## WHAT NEEDS TO BE DONE
Exactly as written, please repeat the data that follows, but not the pictures.

## DATA
────────
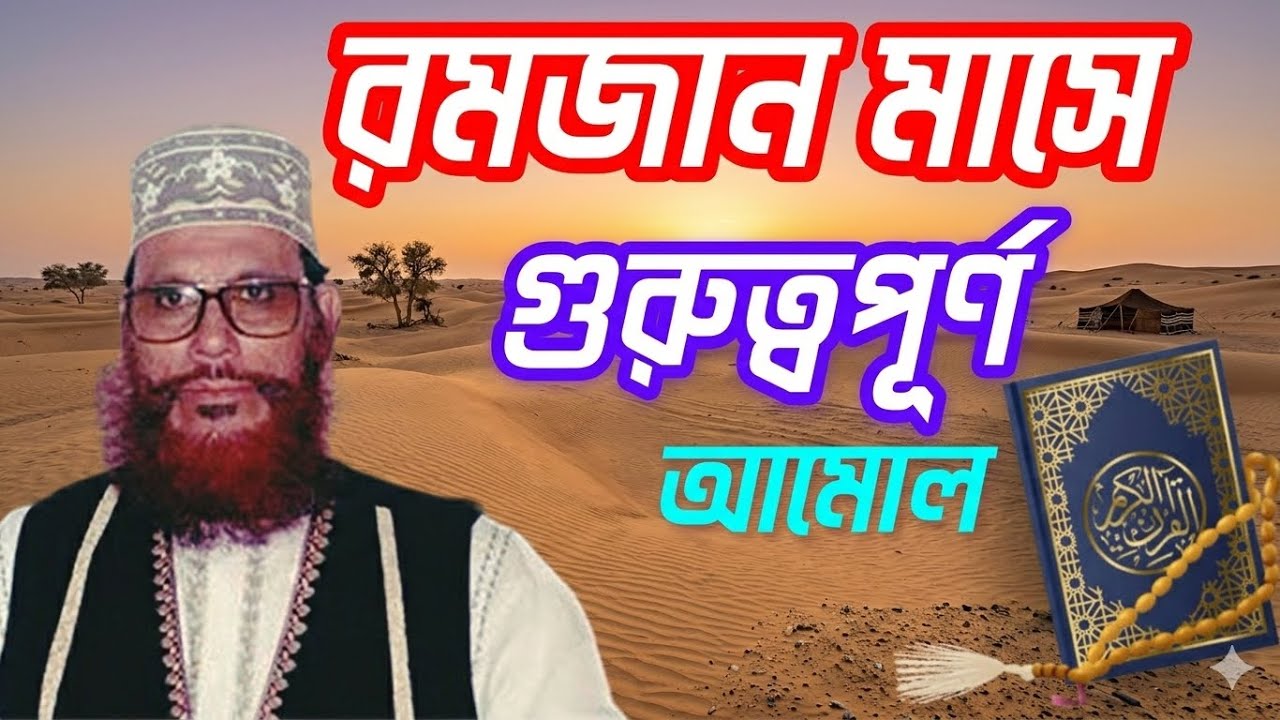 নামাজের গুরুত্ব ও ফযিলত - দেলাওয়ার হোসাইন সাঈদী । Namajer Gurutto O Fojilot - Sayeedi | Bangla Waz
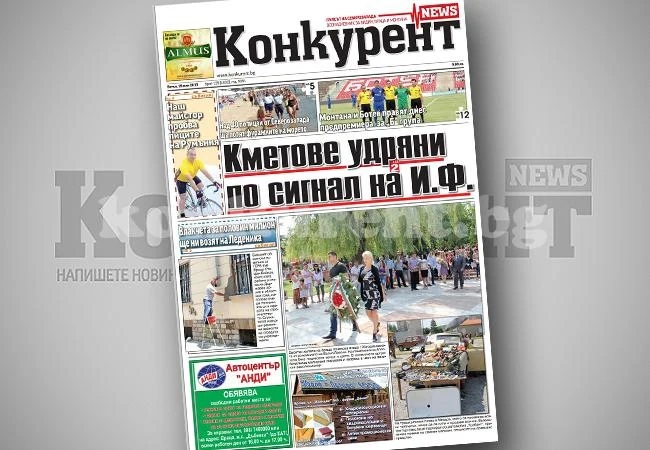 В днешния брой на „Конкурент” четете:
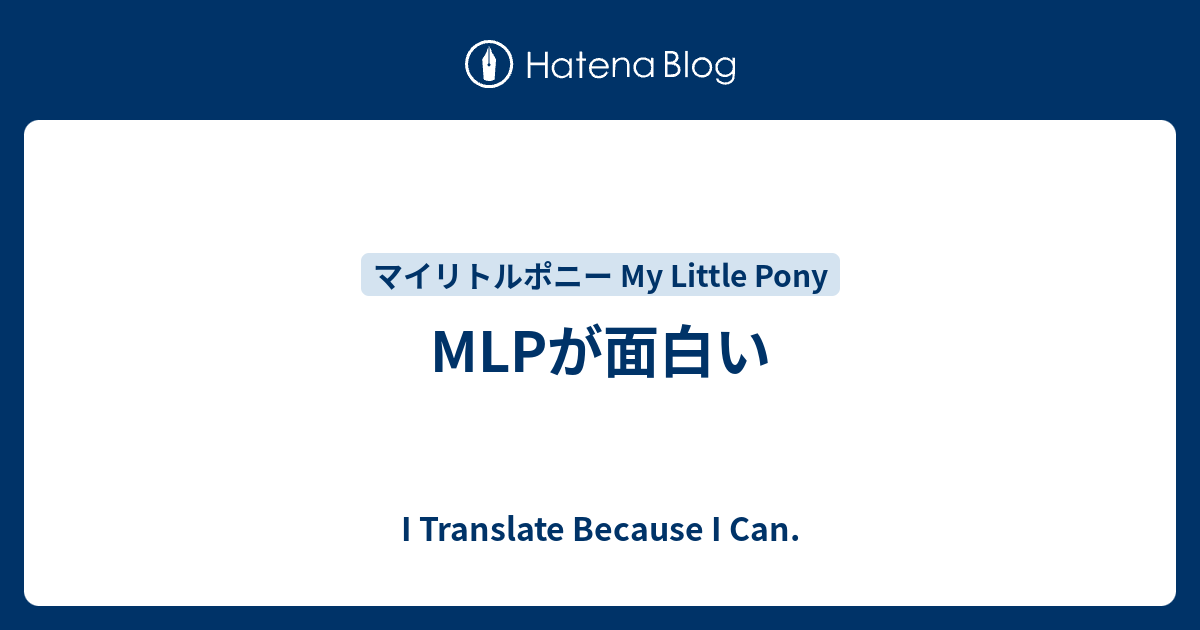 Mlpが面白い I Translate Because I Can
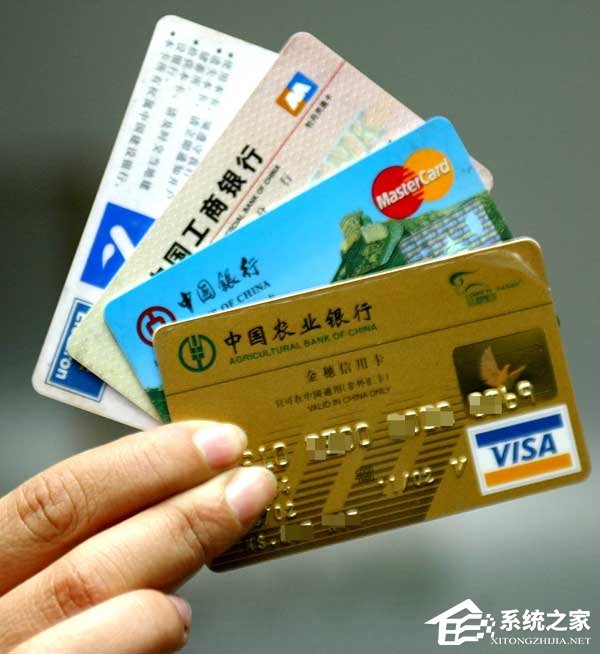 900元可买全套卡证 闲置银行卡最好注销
────────
## OUTPUT FOR THIS EXERCISE
 নামাজের গুরুত্ব ও ফযিলত - দেলাওয়ার হোসাইন সাঈদী । Namajer Gurutto O Fojilot - Sayeedi | Bangla Waz
 В днешния брой на „Конкурент” четете:
 Mlpが面白い I Translate Because I Can
 900元可买全套卡证 闲置银行卡最好注销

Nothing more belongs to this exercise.